31/12/2012

Terófito escandente

Vicia dasycarpa Ten.


Diz Luis Fernando Verissimo, numa das suas crónicas, que certas palavras são bem mais sugestivas quando não lhes sabemos o significado. Defenestrar, por exemplo, tem misteriosas ressonâncias eróticas antes de aprendermos que significa «atirar alguém pela janela». Nesse caso, embora o erotismo se perca, o mistério só se complica. Mesmo em épocas bárbaras, é de admitir que o acto pacífico de «estar encostado à ombreira da porta» fosse mais comum do que o gesto homicida de «arremessar gente pela janela»; no entanto, só para o segundo é que foi criado um verbo específico.

É de prever que o leitor menos versado no jargão botânico tenha dificuldades em decifrar o título aí em cima. Por uma vez, em lugar de prestar doutos esclarecimentos, colocamo-nos na mesma posição de inocente ignorância. Só pela combinação de sílabas, com aquele escandente a lembrar incêndio ou coisa pior, e o terófito, por via da tarifa, a sugerir taxas e impostos, dá ideia que «terófito escandente» é uma descrição justa do momento actual e, mais ainda, de tudo quanto nos espera em 2013. Nos balanços que daqui a um ano se fizerem, haverá talvez quem escreva, para nosso pesar, que «em 2013 atravessámos o terófito mais escandente de sempre».

Mas, apesar dos percalços da economia, as plantas silvestres irão em 2013 crescer e reproduzir-se com a mesma imperturbável confiança no futuro, e nós continuaremos de olho nelas. Se o orçamento minguado nos restringir o âmbito das viagens, então que o Havaí seja aqui. Qualquer silvado, ribeira poluída ou monte de entulho pode dar que fazer ao botânico amador consciencioso.

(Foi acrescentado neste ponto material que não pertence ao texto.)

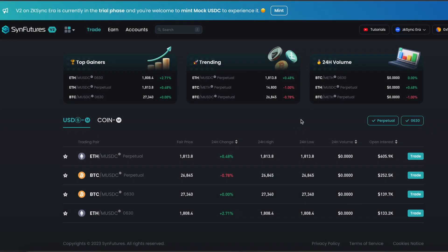Hey everyone, I'm happy to introduce to you SynFutures version 2 on ZK-Sync, a groundbreaking upgrade that revolutionizes decentralized trading. With direct integration on the ZK-Sync era mainnet, our perpetual futures protocol combines lightning fast speed, unparalleled scalability, and real transactions.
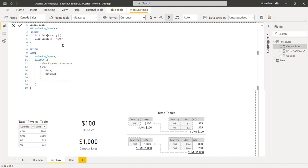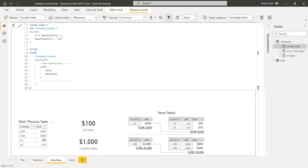Canada Sales operates the same way. We get a one-row one-column table for Canada, pass it into SUMX, and CALCULATE adds a filter for country equals Canada through current row filtering. We then get all visible rows of data — just the two Canada rows — 200 dollars and 800 dollars. SUMX sums those up to 1000, which gets passed back. Both of these are pretty easy. Now let's look at something harder.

Foi num desses lugares desqualificados, em Alfena, que nos surgiu a Vicia dasycarpa, numa exuberância de floração digna dos melhores jardins. Já nos parecera tê-la encontrado no nordeste transmontano, nos prados felizes de Macedo de Cavaleiros, com os seus ramos floridos a disputar às orquídeas a primazia da cor. Dizemos «parecera» porque nisto de ervilhacas (nome habitual para as leguminosas do género Vicia) as certezas são fugidias. A Vicia dasycarpa integra, com a V. villosa, a V. eriocarpa e a V. pseudocracca, um quarteto de espécies de distinção problemática, todas elas trepadeiras anuais de vocação forrageira com hastes de 60 a 70 cm de comprimento e folhas pinadas rematadas por gavinhas. A planta das fotos não exibe a pilosidade característica da V. villosa, e tem demasiadas flores (cerca de 20 por inflorescência) para ser a V. eriocarpa ou a V. pseudocracca. A tabuleta que lhe pusemos, de Vicia dasycarpa, é pois a única que parece assentar-lhe. A Flora Ibérica, além de fornecer os detalhes morfológicos que permitem a identificação, ainda mais nos tranquiliza informando que nem a V. eriocarpa nem a V. pseudocracca ocorrem no Douro Litoral.

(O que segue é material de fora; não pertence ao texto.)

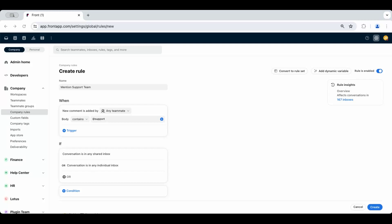I know that you've wished that you could mention a whole group of people at a time instead of typing out their usernames one by one in the comment box to notify them, so let me show you how you can do that.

À abundância de flores da V. dasycarpa não corresponde igual safra de frutos. Não foi por termos chegado cedo, pois muitas flores tinham já murchado, mas vagens não vimos nenhuma. Segundo a Flora Ibérica, essa avareza é uma das peculiaridades da espécie, o que suscita a dúvida de como ela consegue sobreviver e propagar-se.

4 comentários :

Teresa disse...

Feliz año nuevo. Besitos.

bea disse...

Defenestrar não me soa a erótico; parece-me desde logo um primado da violência. E de imediato ergo involuntária, uma parede muito alta, com muito tijolo assente. E o significado diz que sim – atirar pela janela, como refere, não é o normal de se sair de algum lugar que as tenha (excepto se é a forma mais rápida de fugir a um perigo, mas ainda assim não se é defenestrado na medida em que é o próprio quem se atira, não sendo pedra de arremesso :)

Posto isto, encontro esses esterófitos – cujos também não me sugerem crise nem coisa que se lhe assemelhe – linnnndossss. E isso é o que mais me importa. Uma cor que por mais que tente não crio, a beleza pequena que me sobressalta e nasce a esmo nos lugares mais inóspitos. A que poucos ligam, em que exíguos olhos se demoram. E que, se alguns, é pequena maravilha. Parabéns.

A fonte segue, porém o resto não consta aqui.